En el juicio a las Juntas Militares de 1985, donde declararon 833 personas y fueron condenados a cadena perpetua Videla y Emilio Eduardo Massera, se desnudaron las barbaries humanas cometidas en la última dictadura argentina. Entre 2006 y 2017 fueron condenados 962 represores, en 589 causas judiciales. Pero recién en 2012 empezaron a desfilar jerarcas eclesiásticos en los juzgados argentinos, señalados de ser cómplices de los crímenes de lesa humanidad cometidos entre 1976 y 1983. Instancia en la que el tribunal de la provincia de La Rioja condenó a cadena perpetua a tres miembros de la dictadura por el asesinato del sacerdote argentino Carlos de Dios Murias y del francés Gabriel Longueville.

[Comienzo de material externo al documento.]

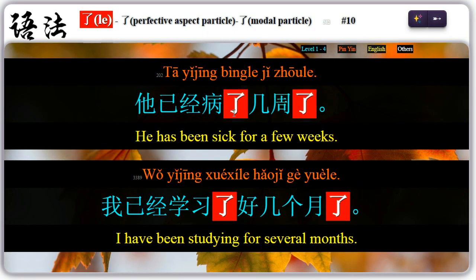Ten: the perfective aspect particle 了 can follow a verb to indicate completion, and a modal particle 了 can be placed at the end of a sentence to indicate already. For example, 她已经病了几周了 — 病了 is the perfective aspect particle; 几周了, 了 is the modal particle. 我已经学习了好几个月了 — 学习了 is the perfective aspect particle; 好几个月了 is the modal particle.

Los jueces hablaron de cierta “indiferencia”, pero también de una “connivencia” entre la cúpula católica y el aparato represivo, y de las corrientes progresistas de la iglesia católica latinoamericana, que surgieron en los 60 tras el Concilio Vaticano II, como los curas tercermundistas y los Hermanitos, que trabajaban en comunidades, diferenciándose de las jerarquías eclesiásticas. En el fallo, los magistrados expusieron que “no se trató aquí de hechos aislados y fuera de contexto, presididos por móviles particulares”, sino de “un plan sistemático de eliminación de opositores políticos”. Los curas asesinados “formaban parte de un grupo de la Iglesia considerado enemigo y blanco”.

Por la desaparición del hermano Mauricio se realizaron varias denuncias. Entre ellas a Amnistía Internacional en Francia, Alemania y Suiza, las embajadas de Uruguay y de Estados Unidos en Argentina, la Liga de los Derechos Humanos, el Consejo Mundial de las Iglesias, la Cruz Roja Internacional, la Conferencia Episcopal Norteamericana, la Organización de los Estados Americanos, la Comisión Interamericana de Derechos Humanos.

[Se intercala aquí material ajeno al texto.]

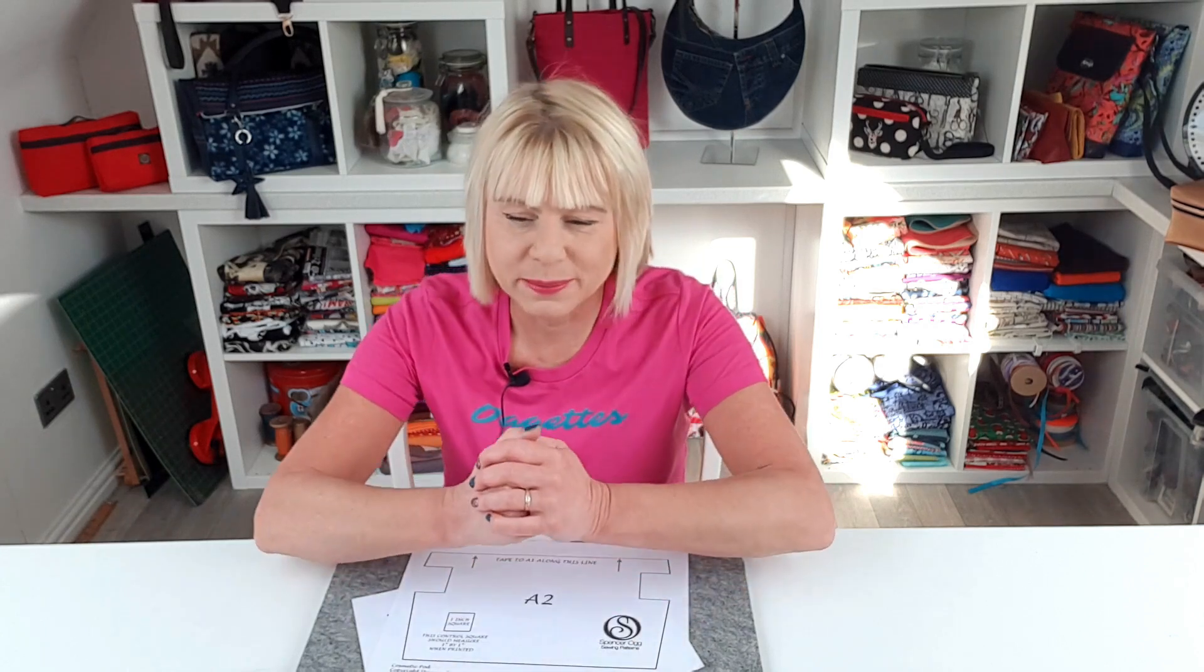Hi Bag Builders, it's Diane from Spencer Ogg Sewing Patterns and I'm just popping on briefly today because there's something that I get an awful lot of emails and loads of questions about and that is how to download and print your PDF patterns successfully.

En 2007, en la primera causa en la que una entidad de la iglesia católica litigó por delitos de lesa humanidad, los Hermanitos del Evangelio, a través del superior para América latina, José Luis Muñoz Quiroz, se presentaron ante la Justicia argentina como parte querellante solicitando que se investigue su desaparición.

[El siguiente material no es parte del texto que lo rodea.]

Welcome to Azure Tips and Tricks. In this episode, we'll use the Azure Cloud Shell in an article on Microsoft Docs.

Fue homenajeado este domingo al mediodía en la Parroquia de San Juan Bautista. El 14 de junio fue declarado en Argentina como el Día del Barrendero, en memoria del hermano Kléber Mauricio Silva Iribarnegaray, y por todos los trabajadores que fueron víctimas de la última dictadura militar en ese país. Como afirmó un amigo de Silva en Ecuador: “A Mauricio no le quitaron la vida.  Él la entregó en un supremo gesto de solidaridad con sus compañeros de lucha”.